El mundo se me vino abajo, incluso
ese día ni siquiera fui a trabajar, no tenía caso, ya que el motor que mantenía
en marcha mi existencia se había detenido. Mi vida carecía de sentido y la
oscuridad se apoderó de un mundo de proyectos que había edificado a su lado.
Sólo quedaba el silencio y las huellas de mis pisadas grabadas en un mar de
cenizas.
Caminé por horas, vagué sin destino,
como si quisiera desaparecer del mundo, o incluso de mí mismo. Hasta que el
azar me llevó hasta el metro. Sin pensarlo, empecé a bajar las escaleras de la
estación, sumido en mi miseria y con ganas de terminar con todo de una maldita
vez, quizás entre las mismas vías. Entonces una sombra llamó mi atención y me
obligó a detener mis pasos. Un globo se había escapado de las manos de un
pequeño, de no más de cinco años.
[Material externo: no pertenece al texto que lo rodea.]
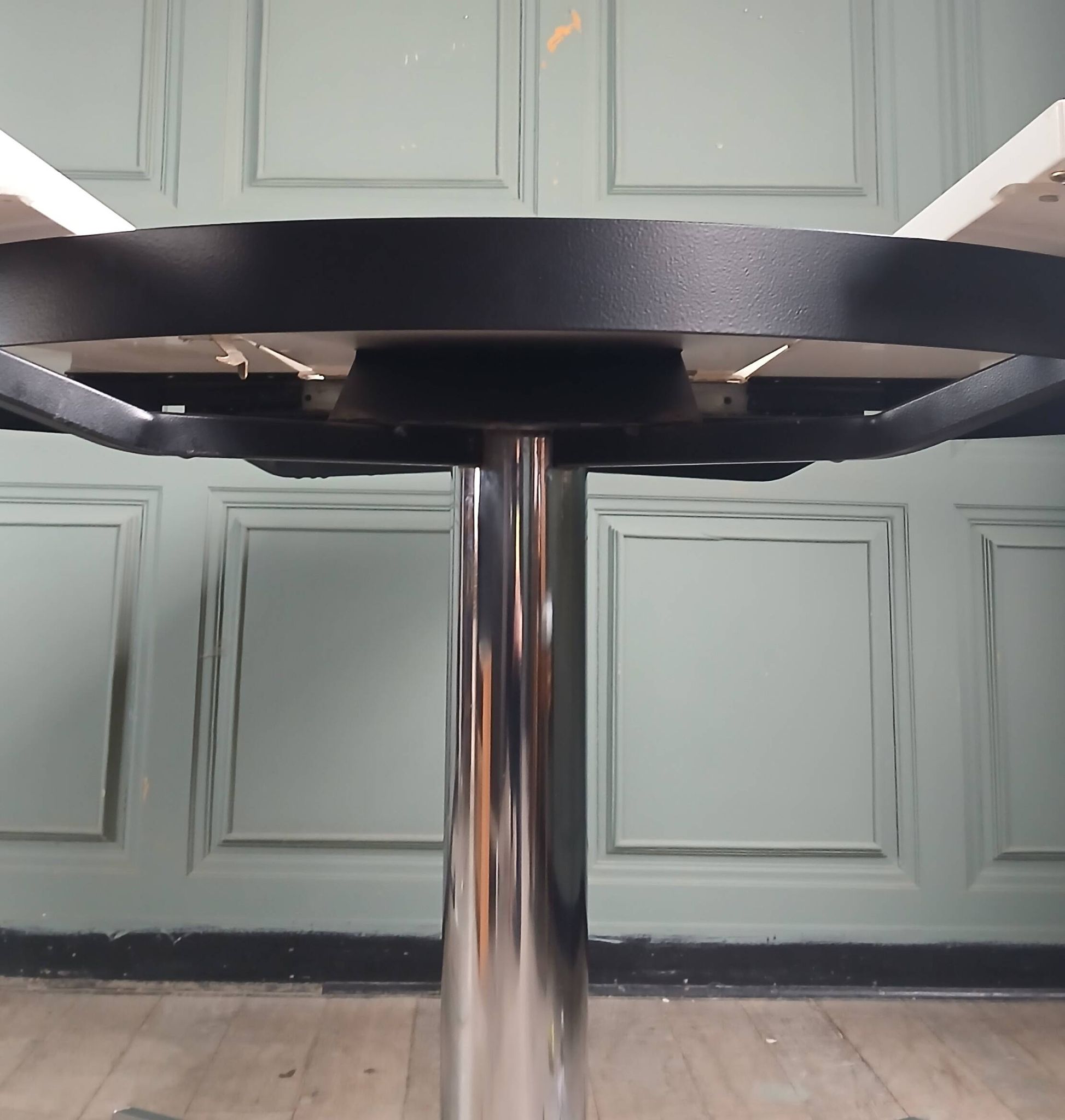 Table à manger "Pelikan" extensible. Esprit Florence Knoll. Roche Bobois 70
El niño trató de brincar lo más alto que
pudo, sin alcanzar su objetivo. Luego bajó la mirada, como lamentando el hecho,
no sé, tal vez incluso se culpó por haber soltado el hilo. Después miró una vez
más al elusivo fugitivo, que se alejaba cada vez más de
su alcance, sonrió para sí mismo y en su media lengua dijo: “Adiósh gobo,
adiósh”.
El pequeño maestro había “hablado” y ese día aprendí la
lección más importante de mi vida, hasta el día de hoy.